Bathory - 1988 - Blood Fire Death

 Los suecos Bathory lograron dos grandes hazañas con este álbum, por una parte abandonaron la producción zarrapastrosa que les había acompañado durante sus tres primeros discos y lograron un sonido relativamente decente para este cuarto asalto, por otra, mucho más importante, se despegaron del speed metal ultraveloz e implacable practicado a rajatabla hasta entonces para incorporar ritmos más pausados, más majestuosos, que dotaban a su música de una cierta complejidad narrativa, de mayor profundidad y de una sensibilidad neoclasicista ya esbozada por Celtic Frost unos años antes. Significativamente, el disco supone también un giro en la temática: de la omnipresencia del satanismo y el ocultismo se pasa a una reivindicación de la mitología nórdica que no haría sino acrecentarse con los trabajos posteriores hasta eclipsar todos los demás temas. Blood Fire Death no es solamente uno de los discos más cañeros de toda la década, también fue la puerta de entrada a los mitos germánicos de toda la generación de black metal nórdico nacida al calor de estas intensísimas canciones.


Root - 1990 - Zjevení

 Estos checos son un buen ejemplo del black metal tardo-ochentero que se practicaba en la Europa Central antes del advenimiento de la escena noruega, representado por un puñado de grupos imaginativos y sin tabúes, como Tormentor o Master’s Hammer. Root son bastante representativos de lo que supone ser un grupo underground de los de antaño, pues tocaban “música satánica” cuando poca gente se atrevía a oír algo que llegara bajo ese nombre, y además, lo hacían en la lengua minoritaria e impenetrable de su nación. En Zjevení se junta una atmósfera de ritual con un heavy metal denso y pesado, que oscila entre riffs sencillos y narrativos, partes teatralizadas e intensos pasajes de blast beat, en lo que viene a ser un claro antepasado inmediato, escasamente conocido, de la fórmula noruega.



    Los clásicos

 El black metal noruego de principios de los noventa difiere considerablemente de lo que se practicaba anteriormente bajo ese nombre, tanto a nivel de temática como de estructura y técnicas. La eclosión de esta escena es el hecho más relevante de la historia del metal en los últimos veinte años, y sin lugar a dudas se trata del último gran hito marcado por el género. Los grupos más relevantes fueron un puñado de jóvenes noruegos que entre 1991 y 1995 publicaron los álbumes que después se han escuchado, alabado y emulado hasta la extenuación.

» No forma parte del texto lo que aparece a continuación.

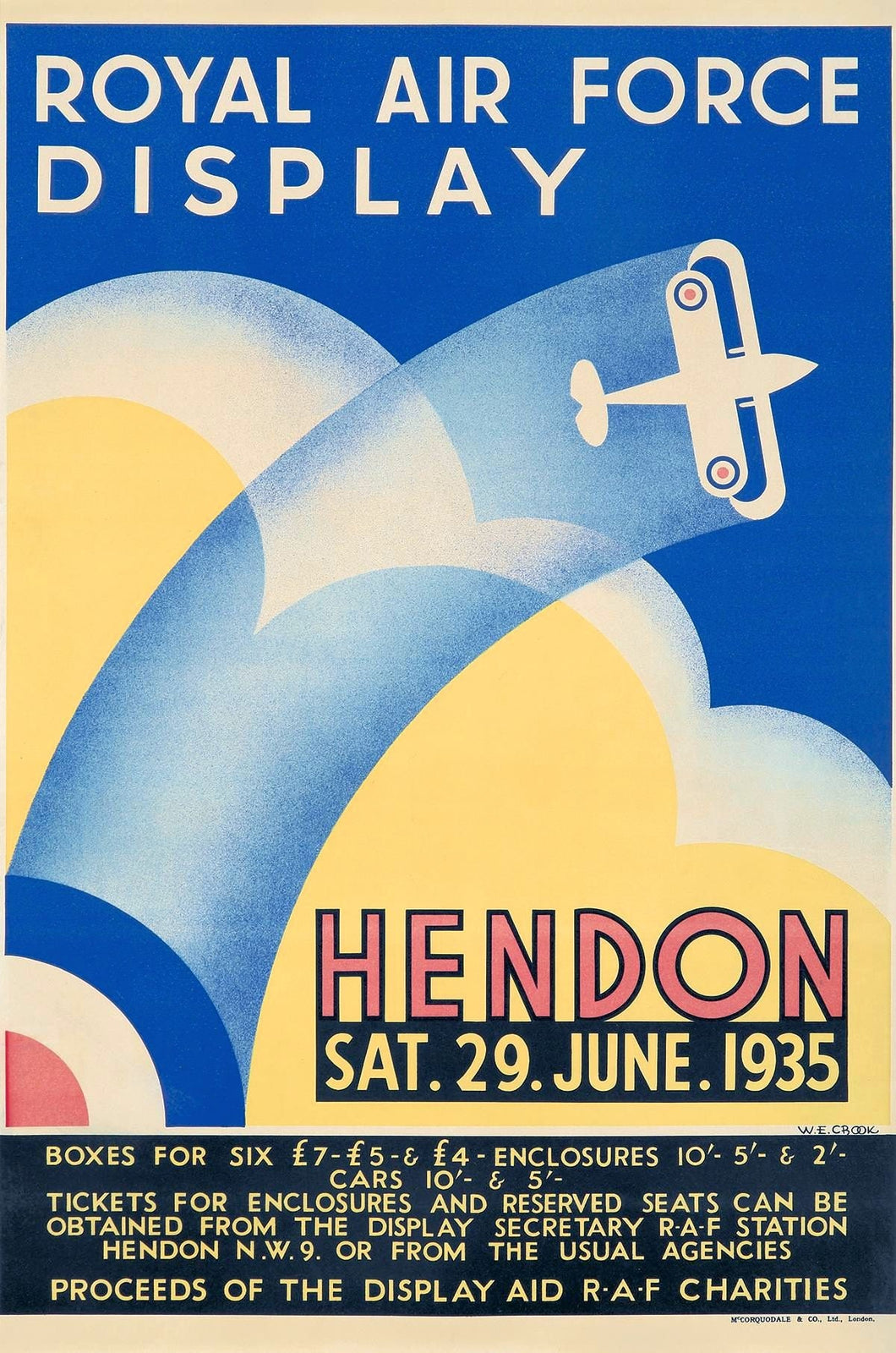 Vintage 1935 Royal Air Force Display Hendon Poster Print A3/A4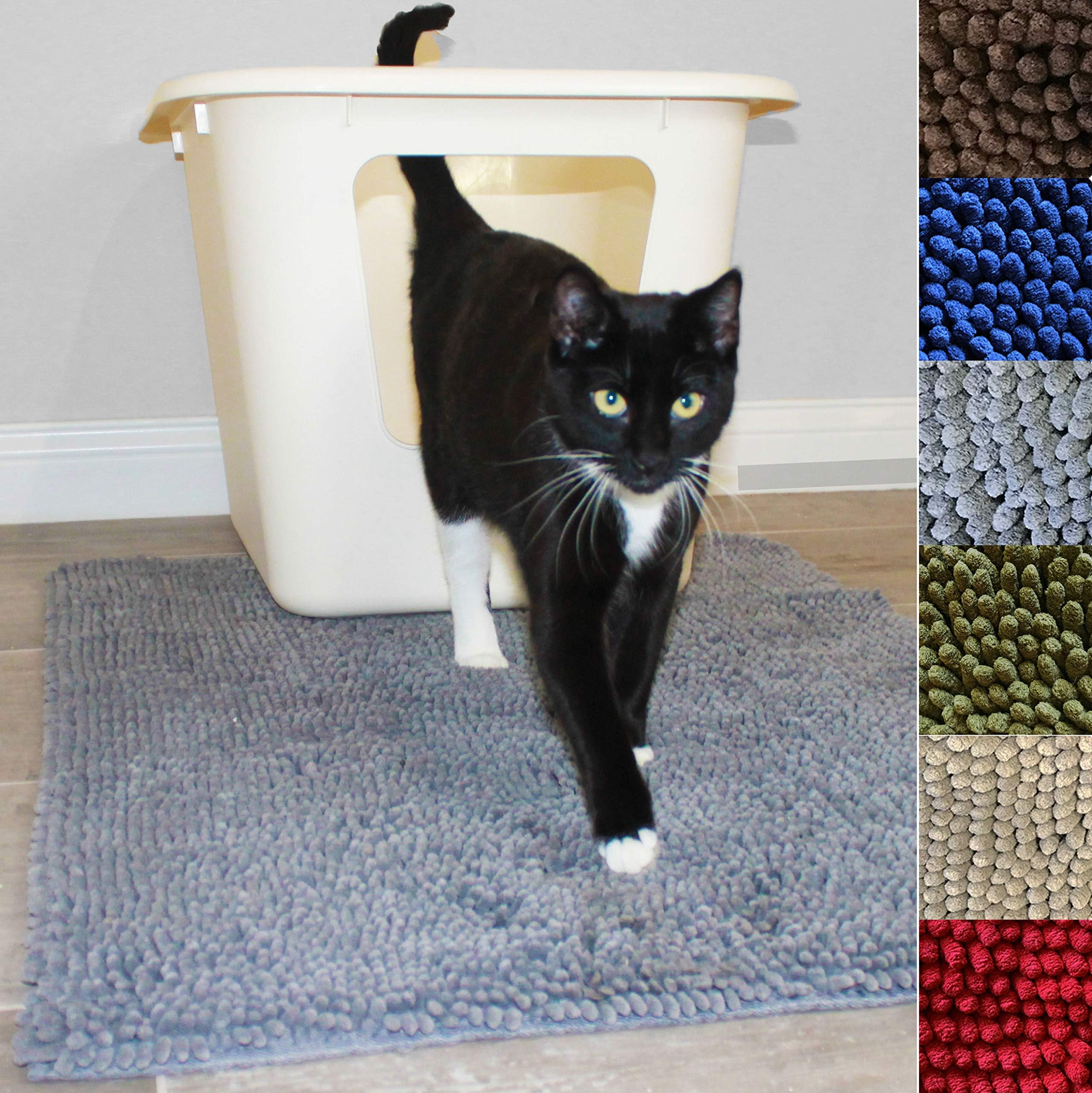Cat Litter Mat for Kitty Litter Box | Washable Easy Clean Rug with Scatter Control - Traps Litter - Soft on Paws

Burzum - 1993 - Hvis Lyset Tar Oss

 Considerado por muchos la obra maestra de Burzum e incluso el mejor disco de la historia del black metal, este álbum se distingue de los precedentes del mismo autor por la marcada influencia neoclásica, que termina de penetrar sutilmente en el rudimentario metal que sirve de materia prima, despertando una vocación ambiental, grandilocuente, trascendental, que logra equiparar la limitada instrumentación heredada del rock con la música culta en su deseo de ser un reflejo de las profundidades del mundo y del alma. En lo musical, se trata del primer disco de metal extremo verdaderamente atmosférico, que aprovecha las estructuras cíclicas y fluidas del black metal noruego y su enfoque melódico para remitir a una mítica e imprecisa tierra de los sueños, triste y hermosa. Probablemente el producto más refinado y coherente en salir de toda la nebulosa de grupos noruegos de la primera hornada, Hvis Lyset Tar Oss encarna como nadie el mensaje más esencial del género, un contenido que no caduca, a saber, el rechazo romántico del mundo moderno y de su falta de valores y espiritualidad por parte de la juventud alienada y desesperanzada de los años ochenta y noventa del siglo pasado.


Immortal - 1993 - Pure Holocaust

 Dejando atrás la música oscura y melancólica de su debut, Diabolical Fullmoon Mysticism (1992), los de Bergen dieron el salto en este segundo álbum a una versión refinada de los Mayhem más densos, con profusión de blast beats de batería, riffs acerados y cruelmente distorsionados y la voz de cuervo infernal de su cantante. Gracias a este trabajo, estilísticamente se colocaron a la cabeza de la nueva ola de black metal noruego, compaginando a la perfección toda su furia, controlada a duras penas por una técnica sin fallas, con la mitología gélida y apocalíptica que les servía de inspiración. No hay interludios en este disco, ni momento alguno para un respiro, como sugiere el título, tan sólo temas vibrantes e intensísimos que con sus sombrías melodías y estructuras arrolladoras construyen un conjunto monolítico altivo y solemne.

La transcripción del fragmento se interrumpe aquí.